A small increase in tax revenue projections and a small reduction in spending estimates drove the improvement, Budget Commissioner Myron Frans said at a briefing for reporters. Minnesota's economic outlook remains stable, and the agency is still projecting slower growth in future years.

"This budget forecast is good economic news for Minnesota," Walz said. "We must build upon the smart decisions that that got us to this strong position."

Partisan issues, budget surplus at forefront of new legislative session

Walz told reporters his top priority is putting $491 million of the surplus into the state's budget reserve so that the rainy day fund remains at nearly $2.4 billion in the next budget period, which starts in July 2021. He also wants to use part of the surplus to pay the interest on his proposed $2 billion public construction borrowing proposal, also known as a bonding bill.
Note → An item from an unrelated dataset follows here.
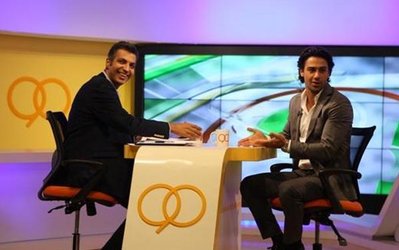 گزارش تصویری | پشت صحنه و حضور فرهاد مجیدی در برنامه نود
But leaders of the House Democratic majority reiterated their calls for spending much of the surplus on early childhood education. They also want to tap it to take advantage of low-interest rates to pass a larger bonding bill than Walz has proposed.

"It's only a surplus in the true sense of the word if Minnesotans feel that we've invested all that we need to in education, health care and family economic security," House Speaker Melissa Hortman told reporters.

But Republican leaders said the $1.5 billion one-time surplus shows that the state can afford to permanently cut taxes by about $1 billion if it reins in future spending. Their top priority is exempting all Social Security income from personal income taxes, which would cost about $400 million annually. They also want to allow farmers and small businesses to deduct the entire cost of equipment purchases up front, conforming with the federal tax code. And they want a modest income tax cut for everyone.

House Minority Leader Kurt Daudt said the surplus means the question isn't whether the Legislature will pass a tax bill, "but how big will that tax relief bill will be."

Democrats opposed expanding the state's partial exemption for Social Security income, saying it would primarily benefit wealthier Minnesotans while creating a permanent loss of tax revenues.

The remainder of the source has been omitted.